:: What is needed ::
Transcribe the whole listing below. Pictures do not go in the copy.
** Opening Raw data block **
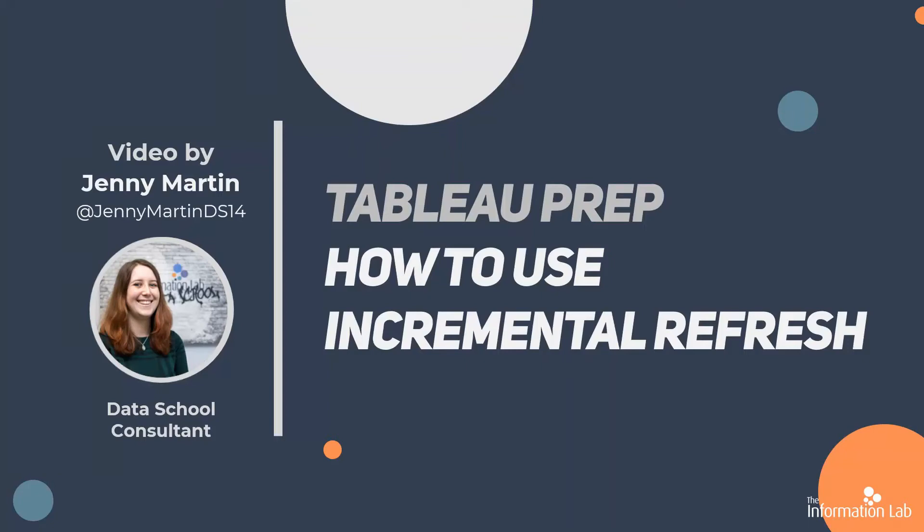Hi, my name is Jenny Martin and I'm part of the 14th cohort of the Data School at the Information Lab. I'm also one of the Dr Preppers for Prepping Data, which is where we're going to get the data for this video.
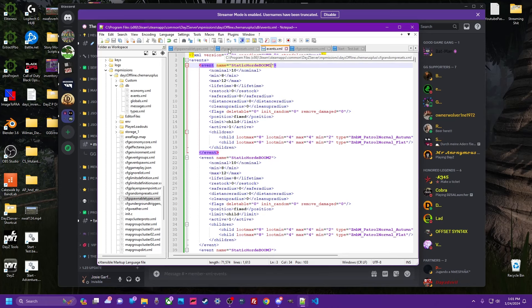Alright, so the first thing you want to do, hop over here to the G-Code, come down here to the members XML, check out the events channel. We'll have a link somewhere. But you want to download this file from Armin.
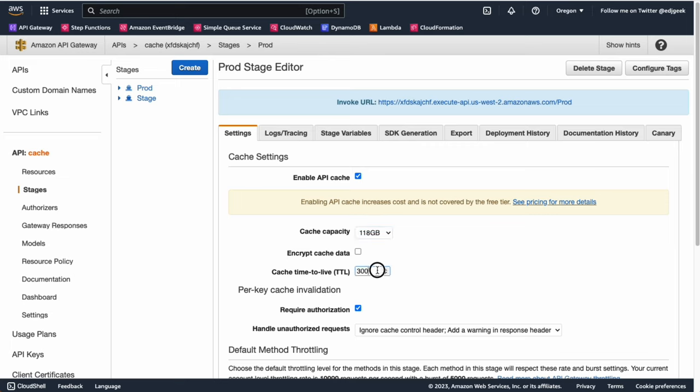The Cache TTL, or Time to Live, determines the duration for which a response will be stored in the cache before it expires. You can set the cache TTL in seconds by entering a value in the Cache TTL field. Choose an appropriate TTL based on how often your API data changes or the freshness requirements of your application.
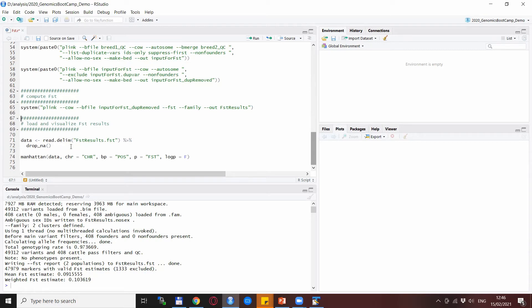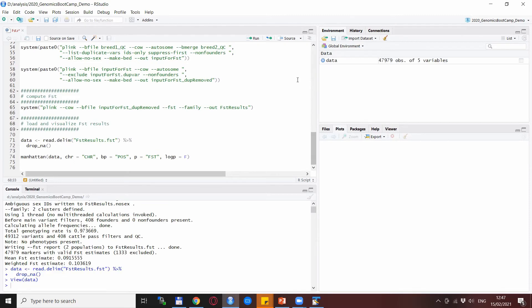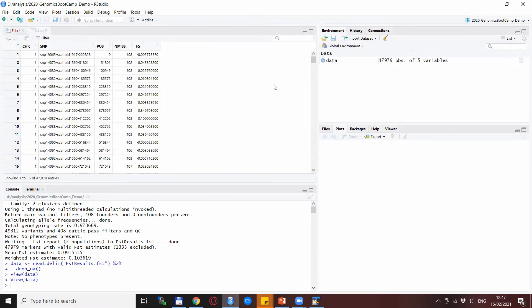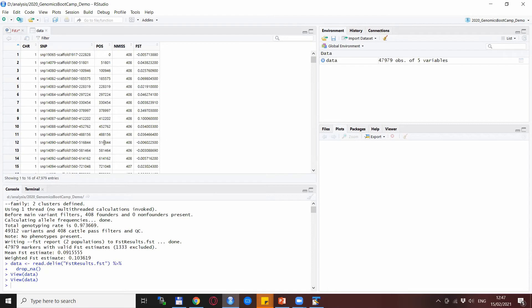Now in this case, some of the lines have an NA value, so we need to drop those. Before plotting, let's actually look at the data. You see it's chromosome, SNP name, and position, but most importantly the FST values.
** Closing Raw data block **
:: Output below ::
Hi, my name is Jenny Martin and I'm part of the 14th cohort of the Data School at the Information Lab. I'm also one of the Dr Preppers for Prepping Data, which is where we're going to get the data for this video.
Alright, so the first thing you want to do, hop over here to the G-Code, come down here to the members XML, check out the events channel. We'll have a link somewhere. But you want to download this file from Armin.
The Cache TTL, or Time to Live, determines the duration for which a response will be stored in the cache before it expires. You can set the cache TTL in seconds by entering a value in the Cache TTL field. Choose an appropriate TTL based on how often your API data changes or the freshness requirements of your application.
Now in this case, some of the lines have an NA value, so we need to drop those. Before plotting, let's actually look at the data. You see it's chromosome, SNP name, and position, but most importantly the FST values.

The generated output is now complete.